The rest of Levine’s discussions about the pathologization of radical action or normal human variations of thought and behaviors were excellent, not only because they did not rely on false equivalencies. The chapter Tractatus Psychiatrico-Politicus is particularly good. I have a ton of page flags throughout the book, but ended up just flagging this entire chapter when I realized that I wanted to quote the entire thing. It is quite true that all throughout history from the beginning of any sort of attempts to understand human thought and experience, marginalized and oppressed people have been pathologized. These include but are not limited to aforementioned sexuality, “drapetomania” applied to enslaved people who escaped, the increase in diagnoses of schizophrenia among Black activists during the 1960s civil rights movements, experimentation on intellectually disabled people, Jews, and many others during the nazi era holocaust, the forced sterilization of disabled, poor, and/or people of color throughout eugenics movements, and (not mentioned in the book, but added by me,) “zoophil psychosis” applied to people who historically believed in nonhuman animal liberation. These and many other horrific histories of all forms of modern medicine- not solely psychiatry- should always be enough to cause us to keep our minds open to critiques of the system. Even today, shadows of these things remain, even inside people who find themselves horrified by these histories.

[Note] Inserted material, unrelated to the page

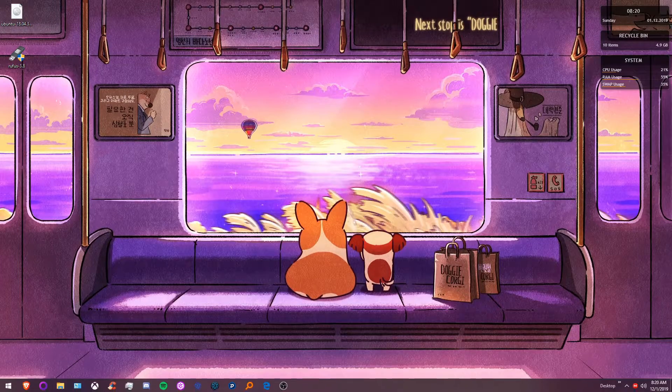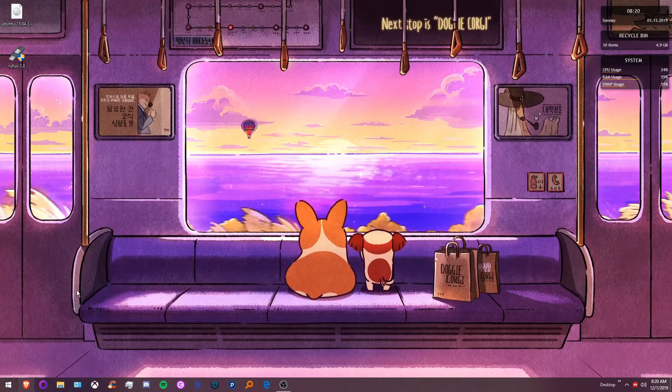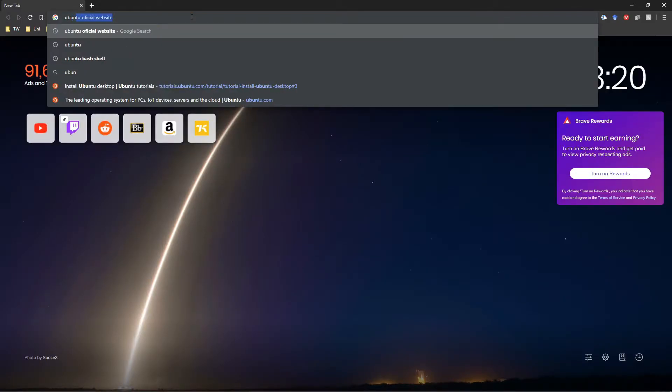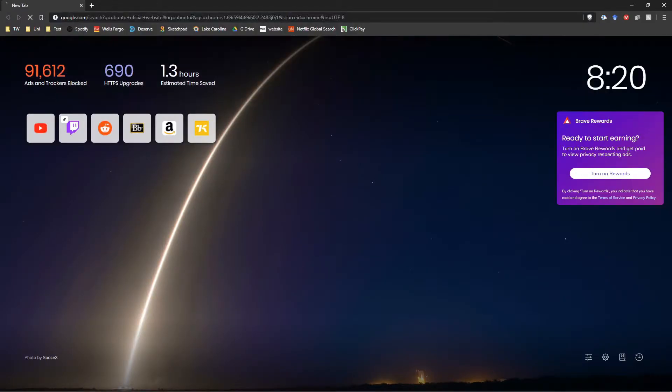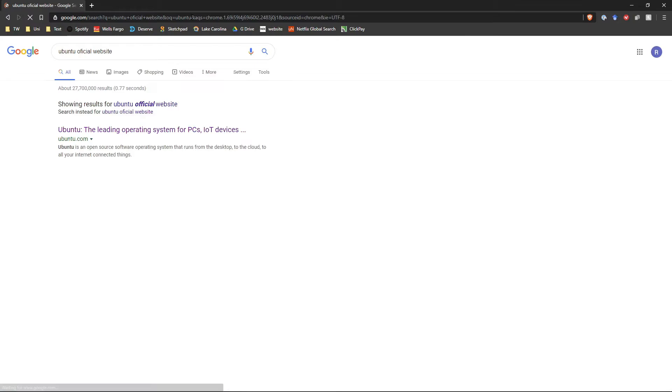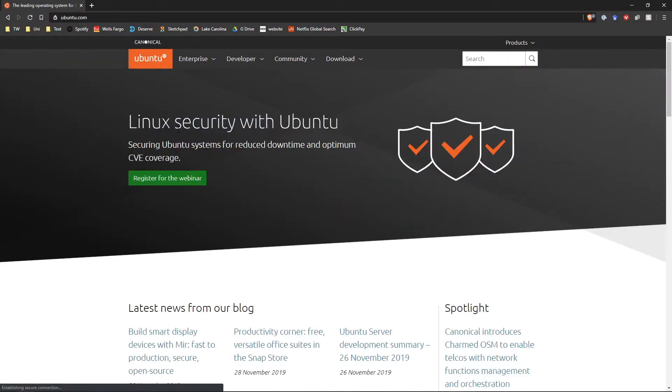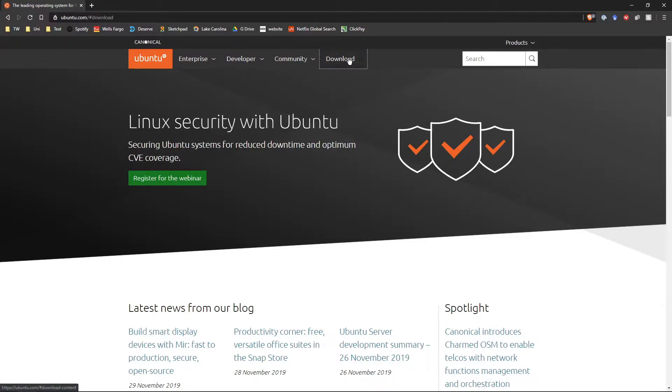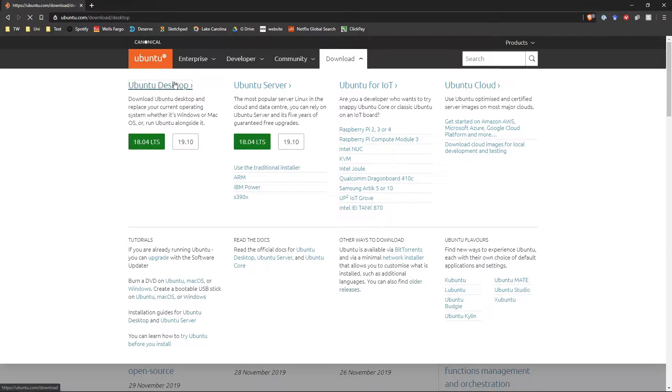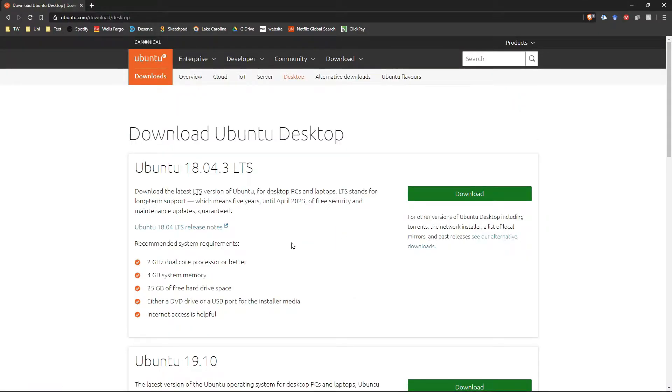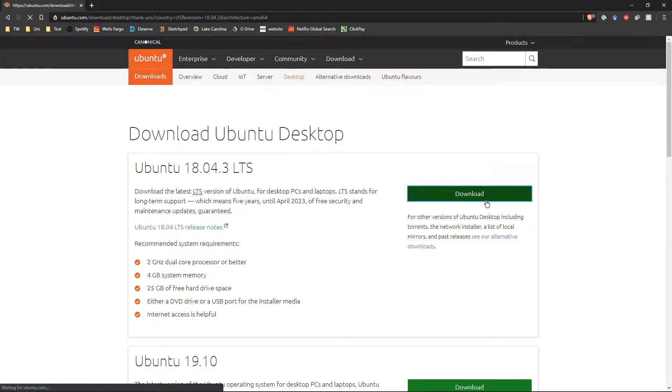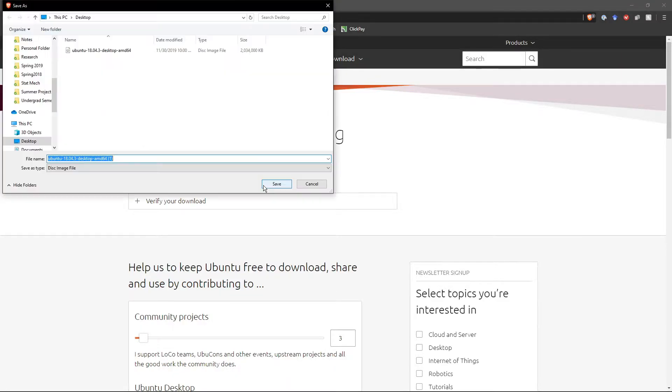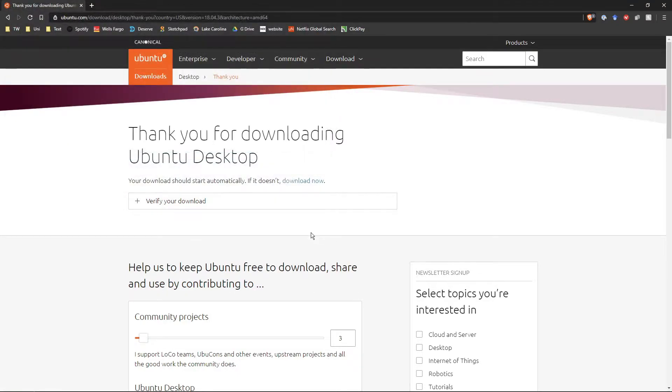First let's go to the official Ubuntu website. So from here you try to download the latest most stable operating system version which should be this one. And we are just going to put it on desktop. I am not going to do that since I already downloaded this.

A final note: I did not realize until 90% of my way through the book that I had not had to deal with triggers regarding glorified details of nonhuman animal abuse for psych* or neuro* discovery purposes. Despite it being perfectly possible and preferable, to compose a text about human psychology without including animal abuse, many writers do so with cold detachment because they are falling in line with the norm, trying to stay on supportive terms with their colleagues, lack an understanding of human studies or the flaws with translational research, or because they just don’t care about ethics and other animals as much as they care about their citation list. We do read about horribly unethical human experimentation, but this is done in order to further support Levine’s points about how pathologization is used as a tool of oppression by governments, doctors, and scientists in supremacist cultures and movements which is very different. Levine being a “free thinking” psychologist probably served him well in these regards, though I can’t claim to know his intentions regarding a focus on human research (other than to say, because it makes the most damned sense.) I would love to be able to read more books about human (or other animals) minds without having to sit through, “wasn’t it so awesome when this brilliant science man electrocuted dogs or injected acid into rats or separated baby monkeys from their moms or induced horrifying brain injuries, etc? WHAT A GUY.”

All in all, I enjoyed this book, learned a lot, and it changed my mind about quite a few things. It also offered me a little bit of a reprieve from the guilt and pressure caused by systems expecting easy solutions to complex problems. No wonder I did not and often do not know what to do. It takes a village, and all that. I also read Levine’s previous book, Resisting Illegitimate Authority, but liked this one much better. I can see were the author has learned and grown from his last work and that is always a good thing.

This was also posted to my goodreads.